Closed bz2 closed 3 years ago
The difference is from floating-point inaccuracy. Various transformed representations of the image have to sum back to exactly 1.0, and floats don't do that.
The issue is the inaccuracy magnitude seems very close to the quality signal values.
For example: original | j95 | size |
---|---|---|
0.001938 | 0.002202 | 4096x4096 |
0.000388 | 0.001070 | 256x256 |
The original image at high resolution has nearly twice the value as a lossy-compressed image at low resolution? It's true jpeg at that quality is pretty hard to actually distinguish, but this makes the metric awkward to use for my purposes unless it's clearer how to interpret the delta in values when both compression method and resolution of inputs vary.

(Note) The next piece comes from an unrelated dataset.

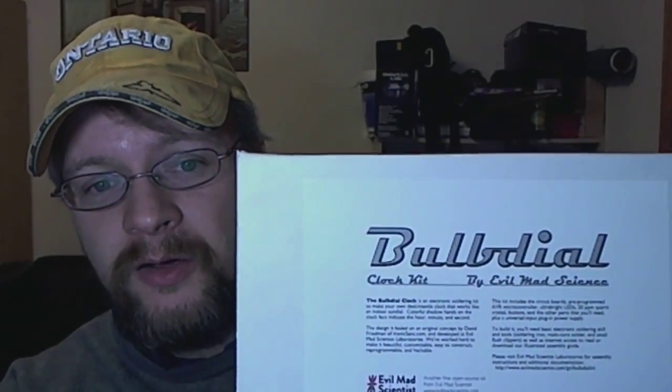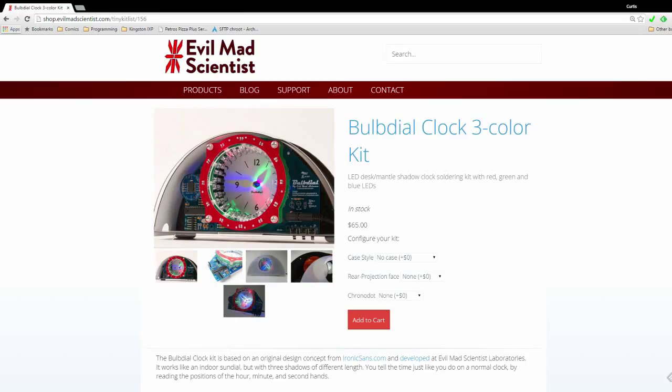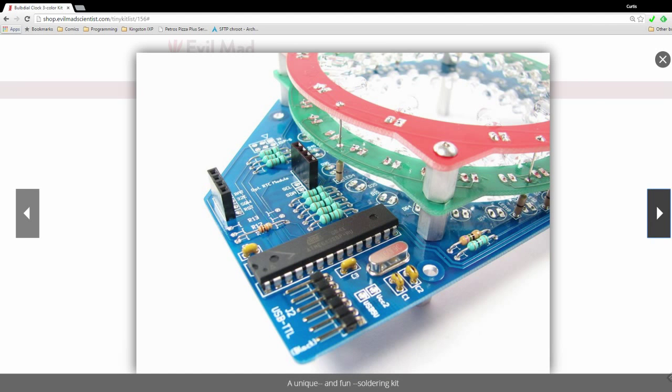Today is just going to be a video blog, but let me at least show you the project we'll be working on Thursday. It's another Evil Mad Scientist project called the Bulb Dial. The Bulb Dial is a clock — it's an analog clock that uses LEDs. The idea is that it has a little point in the middle, and LEDs go around the edge so that the point in the middle creates a shadow. In a way it's kind of like a sundial, except you're using LEDs.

@kornelski I realise this issue is not very actionable as stands. In an effort to change that, but accepting that my understanding of your changes is limited, are any of the following three approaches workable?
Some of the code in dssim.rs
uses f64
but most uses f32
- would making the core parts double precision make the total error small enough to round out at the end?
Seems the C++ implementation has:
// default settings
double C1 = 6.5025, C2 = 58.5225;
Whereas dssim.rs
fn compare_scale
has:
let c1 = 0.01 * 0.01;
let c2 = 0.03 * 0.03;
This probably means smaller absolute values for the difference signal?
Would it be possible to round individual values to a reasonable precision before doing (simplified) (1 + EPSILON) ** HUGE
and expanding the error?
C++ uses values in 0..255 range, and I use values in 0..1 range.
sqrt(6.5025)/255 = 0.01 sqrt(58.5225)/255 = 0.03
Check out: 6eff7fb2065e226487104c2ca0dbcc5196755c5f
I've added double precision in lots of places
@kornelski Thanks for giving it a shot! I did build locally and saw it had... no effect at all, which made me wonder if there's something else going on?
This evening I had a crack at a (dumb) (big hammer) extension of your change, and just changed everything I could find to f64
to see if I could get an effect. See https://github.com/kornelski/dssim/compare/main...bz2:scratch_prec (not to be landed). Results are...mixed? The changes do result in a different final output number, but only order of 1e-05
and the variation appears to often be around that size, even when input size is creating error values of up to 1e-03
. So, I'm still wondering basically.
Are you on macOS? On macOS I use Apple's accelerate framework to perform blur. Maybe that is imprecise?
Not on macOS, so not using the ffi code. My platform:
$ rustc -V -v
rustc 1.44.1 (c7087fe00 2020-06-17)
binary: rustc
commit-hash: c7087fe00d2ba919df1d813c040a5d47e43b0fe7
commit-date: 2020-06-17
host: x86_64-unknown-linux-gnu
release: 1.44.1
LLVM version: 9.0
Simple steps to reproduce, creating a trivial flat colour input image using imagemagick:
convert -size 16x16 xc:white white16.png
cargo build --release
target/release/dssim white16.png white16.png
Seems like the colour of the 16x16 image has a big effect!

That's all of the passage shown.